AFTER LOUD

AFTER LOUD

AFTER LOUD

ナガタさんがベースとして復帰したニューアルバム。
ヨシノさん時期にプラスされた「幅」にナガタさんの「強さ」が合わさって、エンジンが変わったかのよう。
ヤマジの好きな音を散りばめた、曲ごとにポップでロックで、一辺倒にくくれない所は今まで通り。とはいえ、これまでのライブレポで書いたように新曲には明るい光を感じるところがあり、過去の曲も感触が明らかに変わって、今までと違う!と思っていたけれど、まさにそれが「カタチ」になったアルバムです。

これまで、芯を見せないかのようにブワーっとかぶせまくっていたものが洗い流されて、ひとつひとつの音がクリアに聴こえることにまず驚きます。
セルフカバーの2曲を聴き比べればわかりやすいですが、dipの専売特許というべき?「鋭利で繊細で不安定で歪んだ」感触は弱まっています。これまでは、失礼な言い方をしてしまうと「偏執狂」というべきコダワリでガチガチだったと思うし、私もその部分に惹かれていたと思いますが、ようやく解きほぐれたというかなんというか。枯れたとも違うのだなあ。
その意味で、9曲目「URA」の"軽み"ある響きにすごく惹かれます。歌詞も…!

他に好きな曲を上げると
原曲の若さ故のキリキリさが凄みに変貌した6曲目"mirrors"(dip the flag時代の楽曲)、
とろりとしたなかに切なさが佇んだ余韻が残る8曲目"sonic flow"、
反復反復具合にのっかる流麗でスリリングなギターが気持ちよい11曲目"6/8"、
そしてラストの"AFTER LOUD"。嵐が吹き去った穏やかな夜明けを迎える海の表面に、てらてらと揺らぐ光が見えるのです。
それと裏ジャケのヤマジ画伯による、エフェクターずらりのイラスト(&ヤマ字)がすごく好きデス。
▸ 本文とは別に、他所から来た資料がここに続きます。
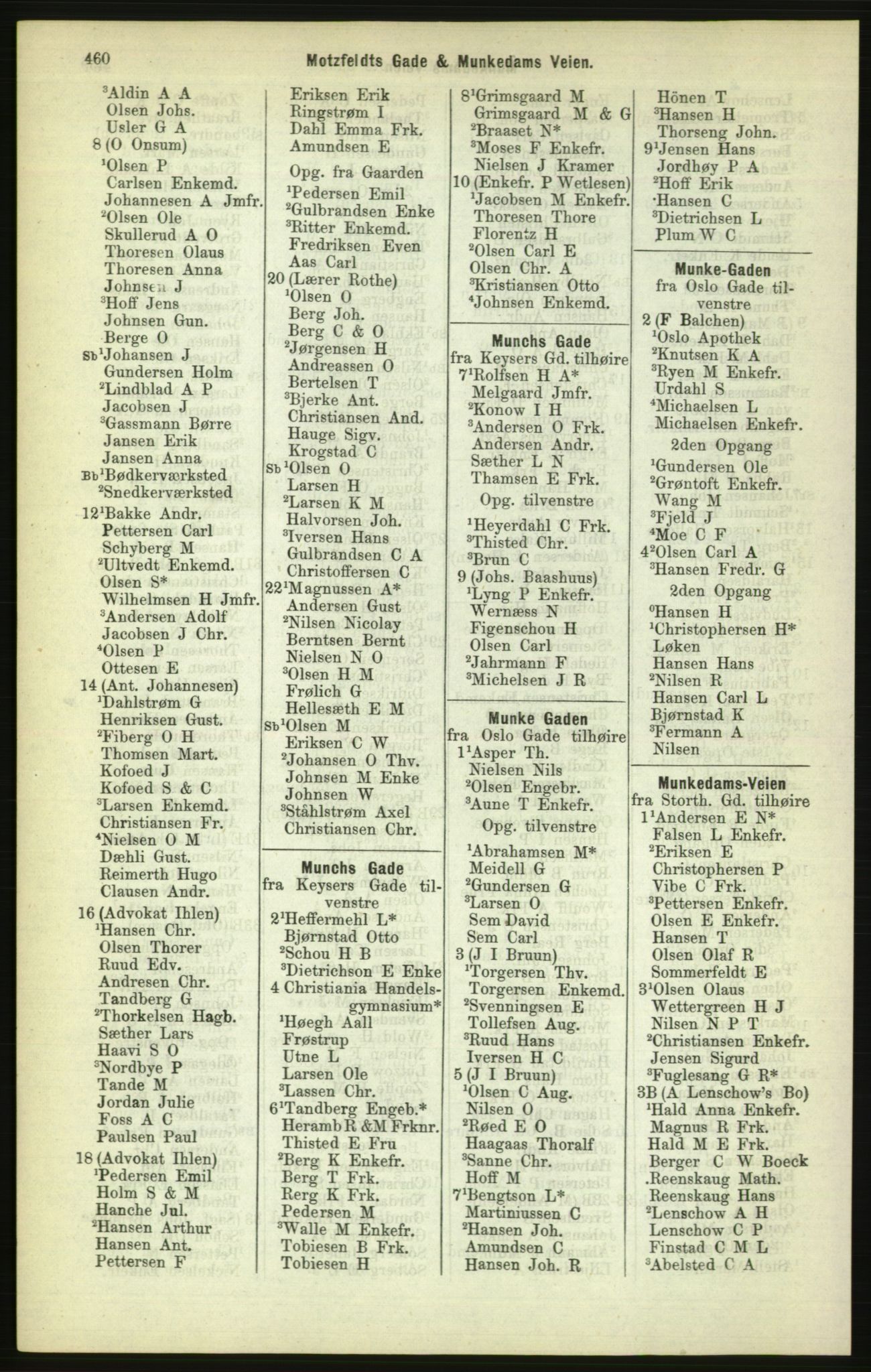 Kristiania/Oslo adressebok, PUBL/-, 1886, p. 460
さて、今回の混沌を抜けたような作風には心境の変化があるようですが、録音状況などによる影響も大きいような…。良く言えばヌケがいいけれど、見えない音をパスッとはしょった感じ。んー、ライブでの力奏を聴きなれているせいかしら…。
あとあと、"morning stars"はロボ声になってて驚いたヨ〜。ライブでは明るく「強さと軽やかさと穏やかさと切なさが同居」している印象だったんだけど、個人的にはこのアレンジはまだ馴染めない…。


ともあれ。90年代頭に結成した彼らが、ようやく「3ピース」として新たに出発したようなこのアルバムは、繰り返し聴きたくなる魅力に満ちているのです。